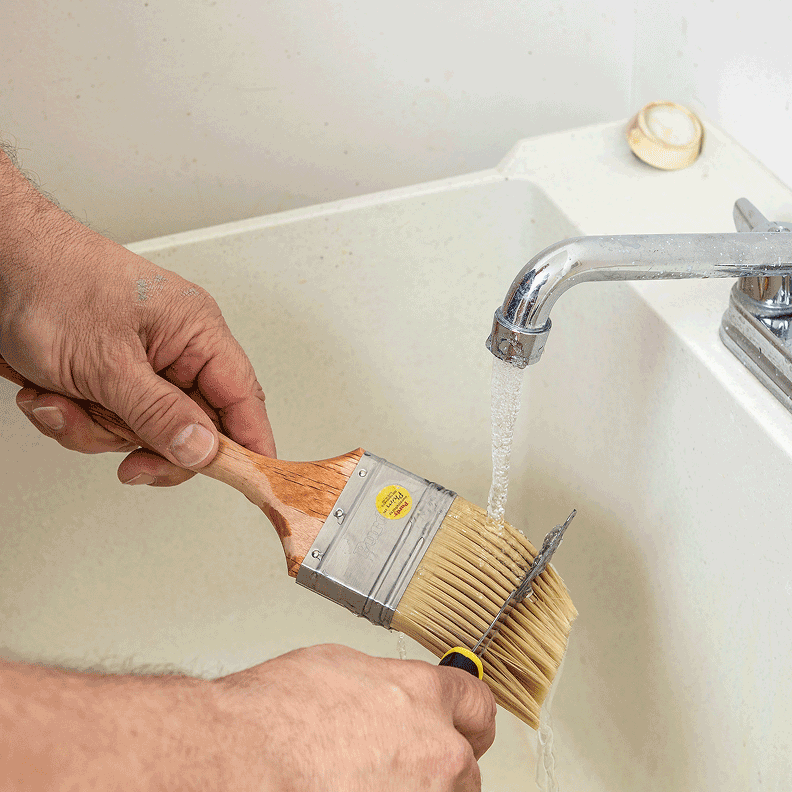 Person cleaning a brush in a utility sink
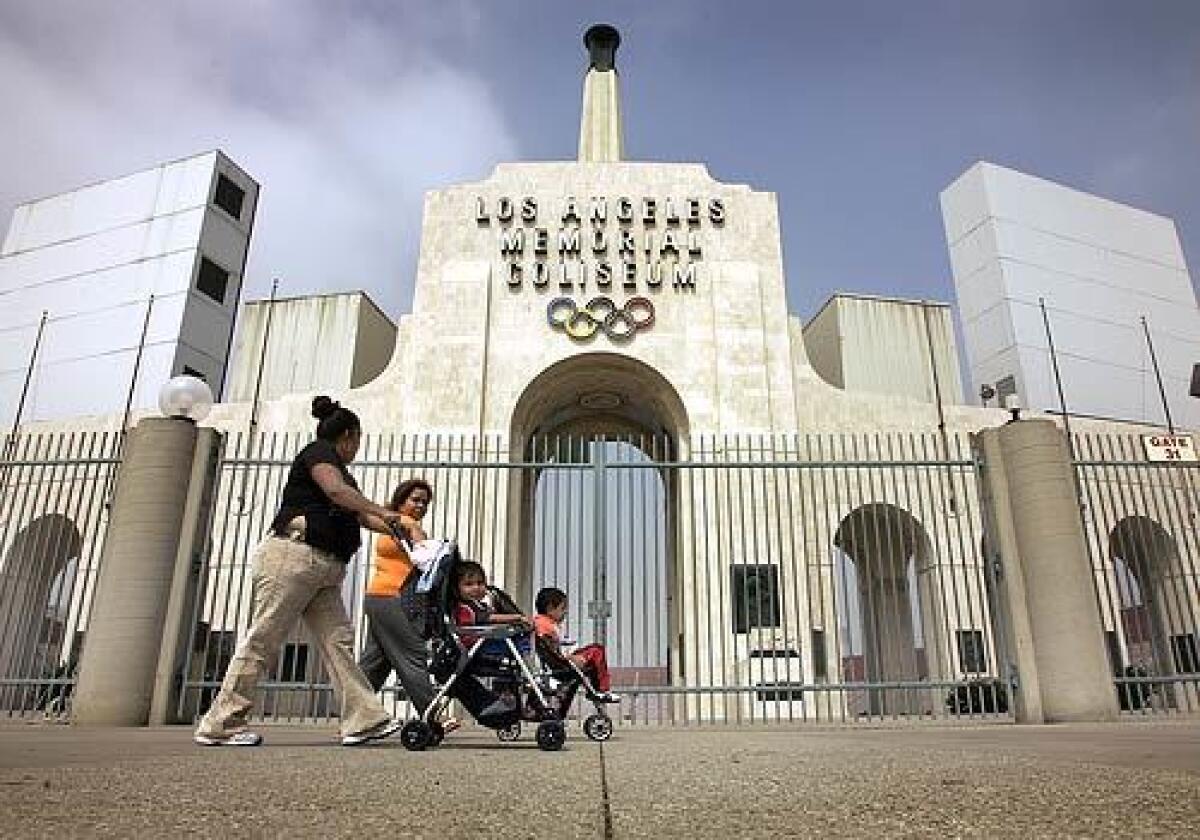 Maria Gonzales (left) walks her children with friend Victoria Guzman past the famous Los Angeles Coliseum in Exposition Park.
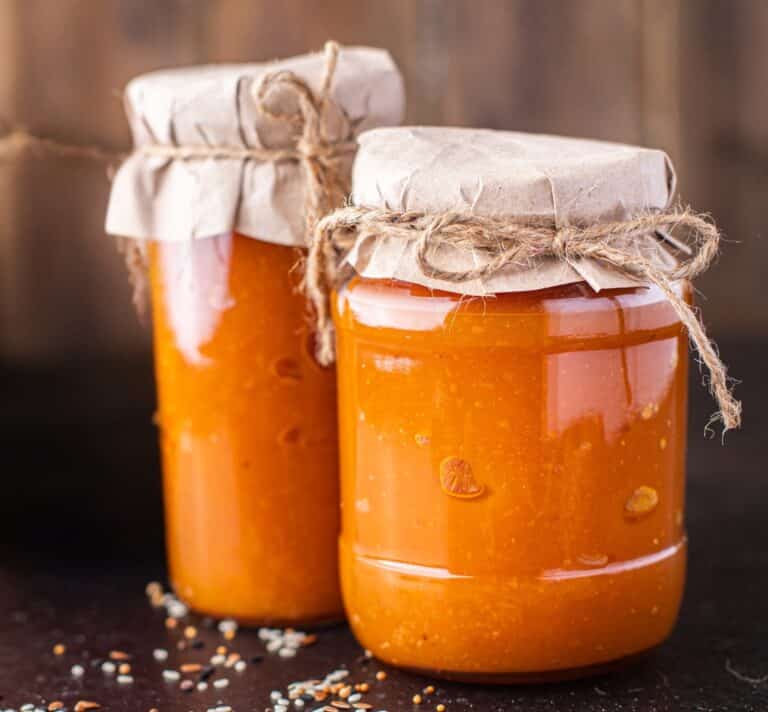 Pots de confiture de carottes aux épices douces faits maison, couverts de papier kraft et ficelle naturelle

| Work to complete |
What belongs in the answer is each line above, reproduced exactly, and no picture.

| Exercise response |
 Person cleaning a brush in a utility sink
 Maria Gonzales (left) walks her children with friend Victoria Guzman past the famous Los Angeles Coliseum in Exposition Park.
 Pots de confiture de carottes aux épices douces faits maison, couverts de papier kraft et ficelle naturelle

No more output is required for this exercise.